The electrode surface reaction follows the BV equation:

$${i}_{{loc}}={i}_{0}\left(\exp \left(\frac{{\alpha }_{a}{Fn}\eta }{{RT}}\right)-\exp \left(\frac{-{\alpha }_{c}{Fn}\eta }{{RT}}\right)\right)$$

(26)

Where i_loc is the local current density at the electrode/electrolyte interface, i₀ is the exchange current density, \({{{{\rm{\alpha }}}}}_{{{{\rm{c}}}}}\) and \({{{{\rm{\alpha }}}}}_{{{{\rm{a}}}}}\) is the cathodic and anodic charge transfer coefficients, η is the activation overpotential.

The balance potential follows the Nernst equation:

$${E}_{{eq}}=-\frac{\triangle G}{{nF}}$$

(27)

$${E}_{{eq}}={E}_{{eq},{ref}}-\frac{{RT}}{{nF}}{{\mathrm{ln}}}{\prod}_{i}{\left(\frac{{a}_{i}}{{a}_{i,{ref}}}\right)}^{{\nu }_{i}}$$

(28)

Where E_eq is the electrode potential, ΔG is the Gibbs free energy, E_eq,ref is the standard electrode potential, \({{{{\rm{a}}}}}_{{{{\rm{i}}}}}\) is the (electrode reactive ion concentration),\(\,{{{{\rm{a}}}}}_{{{{\rm{i}}}},{{{\rm{ref}}}}}\) is the (standard electrode reactive ion concentration), v_i is the reaction stoichiometric number.

The transfer of dilute substances follows Fick's law:

$${N}_{i}={J}_{i}=-{D}_{i}\nabla {c}_{i}$$

(29)

$$\frac{\partial {c}_{i}}{\partial t}+\nabla {N}_{i}={R}_{i,{tot}}$$

(30)

Where J_i is the ion flux, D_i is the diffusion coefficient (D_Li = 1 × 10⁻⁷ m²s⁻¹), c_i is the concentration of ion, ∇ci is concentration gradient.

The transportation of electricity follows the Nernst Planck relationship:

$${N}_{i}=-{D}_{i}\nabla {c}_{i}-{z}_{i}{u}_{m,i}F{c}_{i}\nabla {{{\varnothing }}}_{l}={J}_{i}+u{c}_{i}$$

(31)

Where z_i is the transfer number (z_Li = 1), u_m,i is the electric mobility coefficient, ϕ is the electrolyte potential.

Computational theoretical calculations

The present first principle DFT calculations are performed by Vienna Ab initio Simulation Package with the projector augmented wave method⁵¹. The exchange function is treated using the generalized gradient approximation of Perdew-Burke-Emzerh functional⁵². For Kohn–Sham wave functions, the cutoff energy of the corresponding plane-wave basis set was set to 450 eV. The K points meshing was obtained from the Monkhorst-Pack scheme⁵³. Grimme’s DFT-D3 methodology was used to describe the dispersion interactions.
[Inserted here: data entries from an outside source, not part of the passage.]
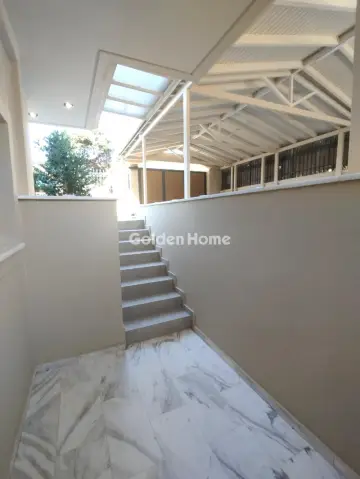 House 310m<sup>2</sup> for sale photo 27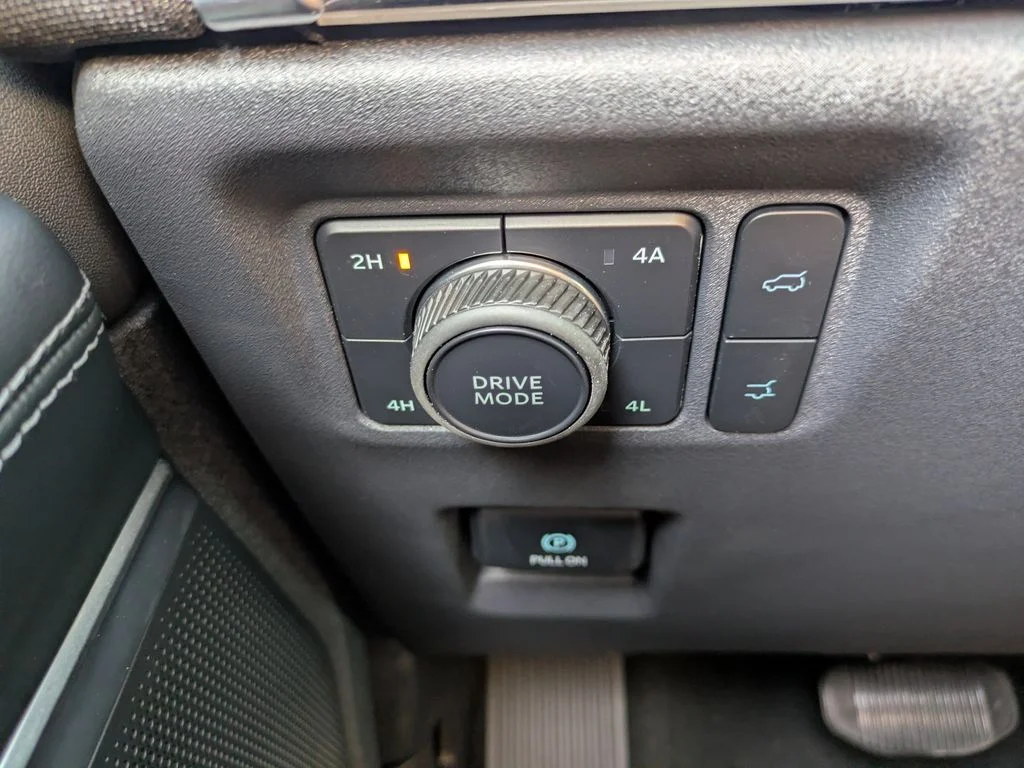 2025 Ford Expedition Platinum - Photo 32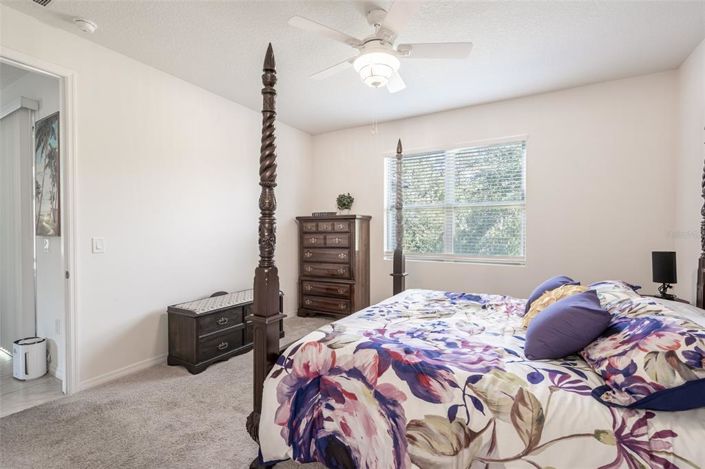 Image No.17-3 Bed Property for sale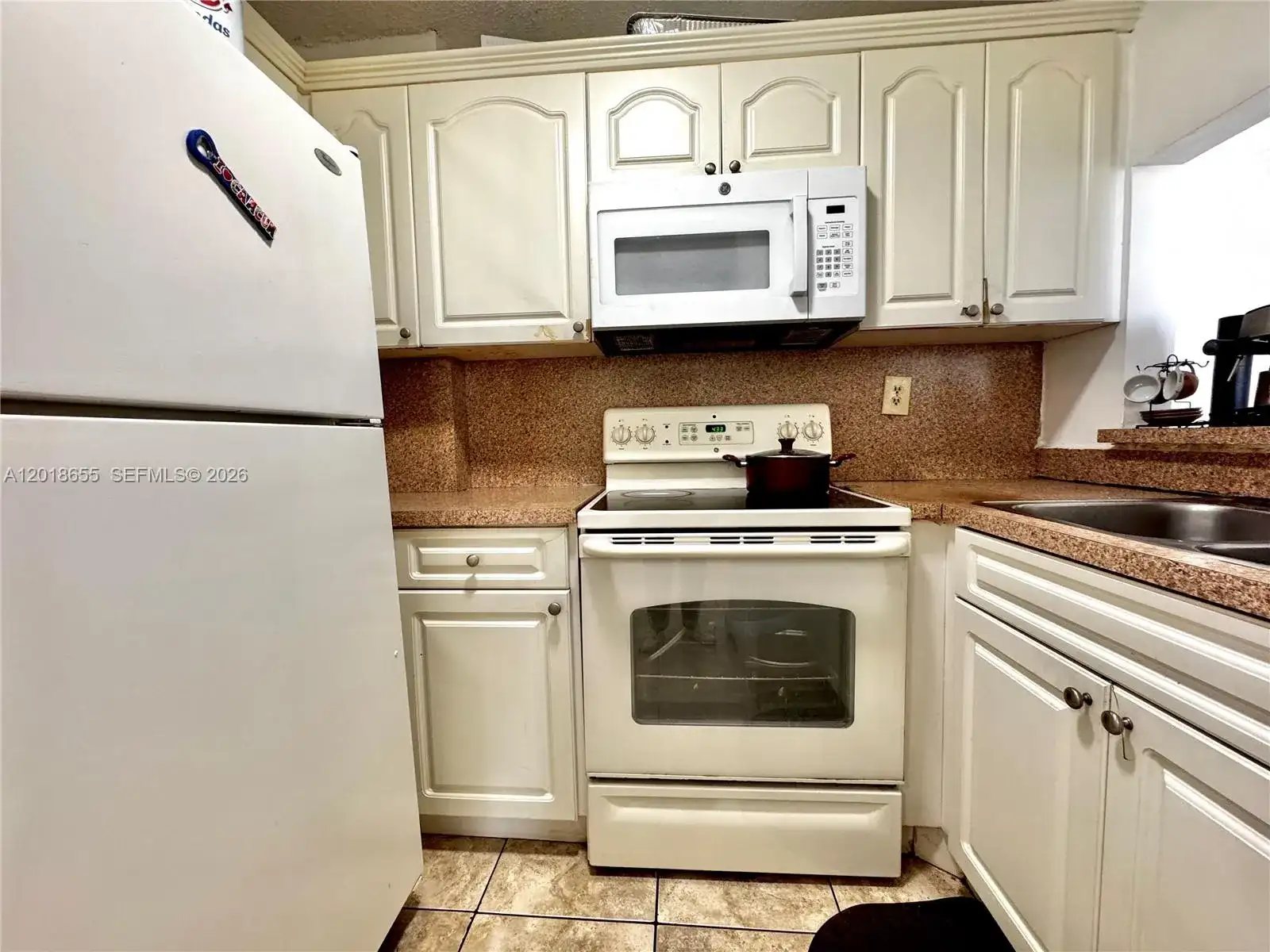 8145 NW 7th St # 404, Miami FL 33126 photo 2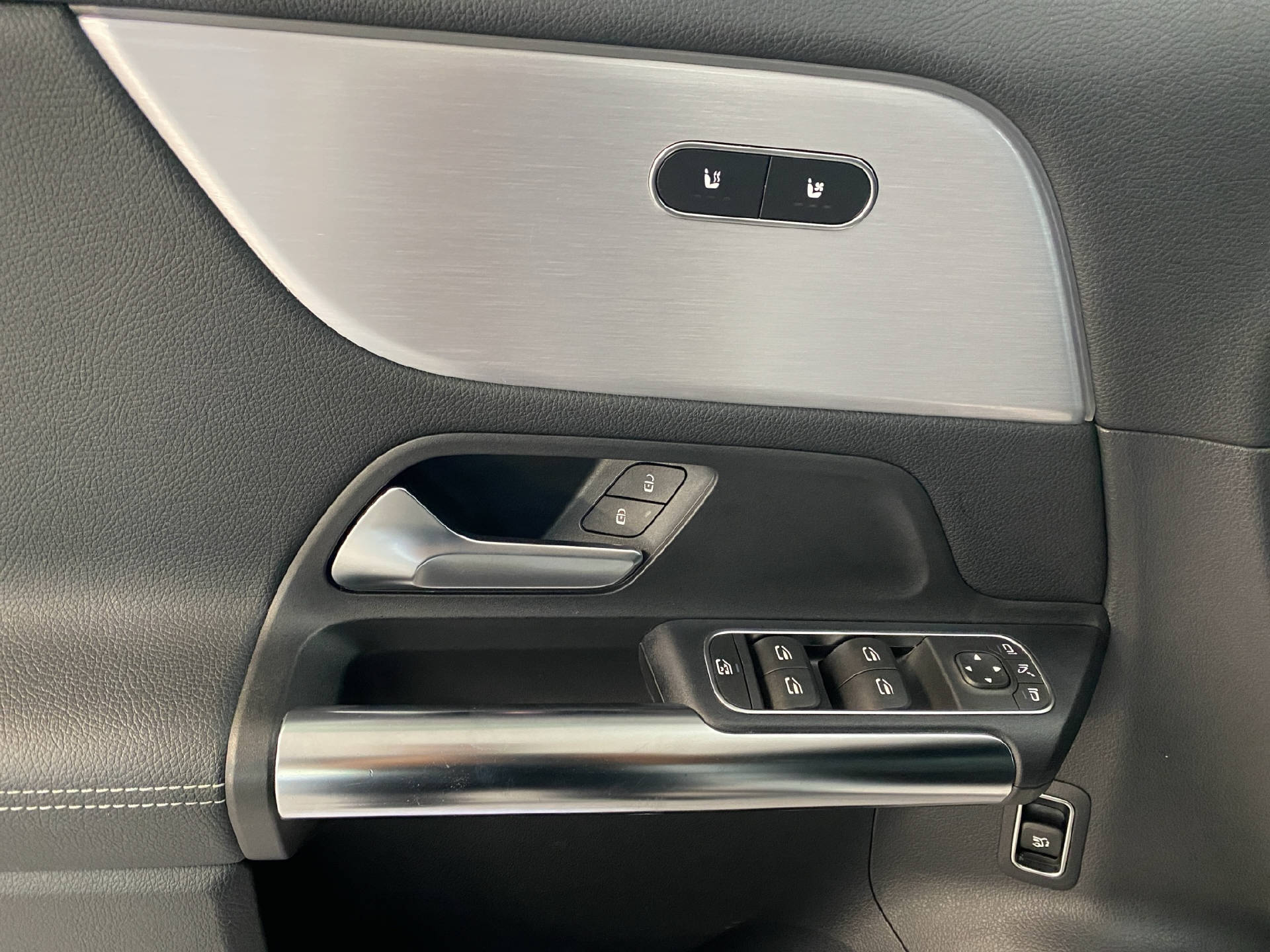 MERCEDES-BENZ EQA 250 AMG Line-image-11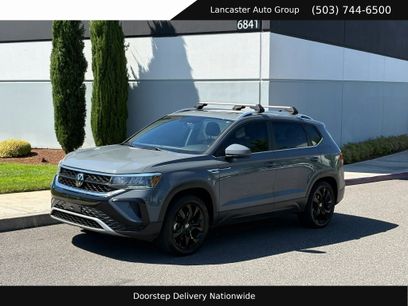 Used 2022 Volkswagen Taos SE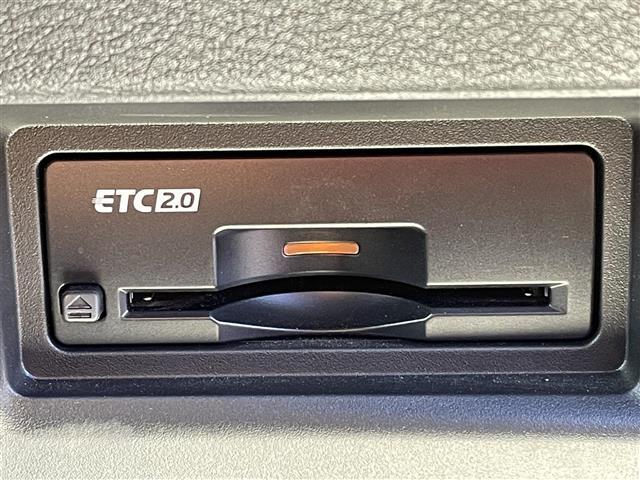 セレナ ハイウェイスターV 純正12.3メーカーナビ フルセグ TVキャンセラー Bluetooth プロパイロット デジタルインナーミラー アラウンドビューモニター パドルシフト クリアランスソナー 置き型充電 ETC2.0(7枚目)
A vacuum width of of 15 Å along the Z axis was created to ensure negligible interaction. The force convergence criterion was set to 0.02 eV/Å and energy convergence criterion was 10⁻⁴ eV. To fully consider the solvation effect, 18 explicit water molecules were optimized, and a local minimum via the hydrogen bond network was formed. The Gibbs free energy change (ΔG) of each step is calculated using the following formula:

$$\triangle G\,=\,\triangle E\,+\,\triangle {ZPE}-\,T\triangle S$$

(32)

where ΔE is the electronic energy difference directly obtained from DFT calculations, ΔZPE is the zero point energy difference, T is the room temperature (298.15 K) and ΔS is the entropy change.